The Apollo 11 lunar sample display is a commemorative podium style plaque display consisting of four dust particle specimens (dubbed "Moon rocks"), the recipient's flag and two small metal plates attached with descriptive messages. The Apollo 11 plaques were given as gifts in 1970 by President Richard Nixon to 135 countries, the 50 states of the United States and its territories, and the United Nations.

== History and description ==
  With the exception of Venezuela, whose actual flag was not flown to the Moon on Apollo 11, the wording on the plaque (with the appropriate name filled in) was:

"Presented to the people of _____ by Richard Nixon, President of the United States of America.

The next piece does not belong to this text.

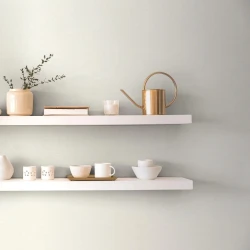 Обои A.S. Creation Mia&Paul 30688-2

"This flag of your state was carried to the Moon and back by Apollo 11 and this fragment of the Moon's surface was brought to Earth by the crew of that first manned lunar landing."

== Fate ==

The New York Times reported in 2012 that gifts of moon rocks were not well tracked or managed by NASA. Within the US, public gifts require legislation to be transferred, but other nations set their own laws. Some samples of lunar dust soil from the Apollo 11 and lunar basalt 70017 from the later Apollo 17 missions have been reported missing. Since 2005 entities and people have made concerted efforts to find the displays. Joseph Gutheinz, a former NASA Office of Inspector General special agent and a professor who teaches an online course at the University of Phoenix, had his students try to locate the displays. Robert Pearlman of collectSPACE has also tracked the displays.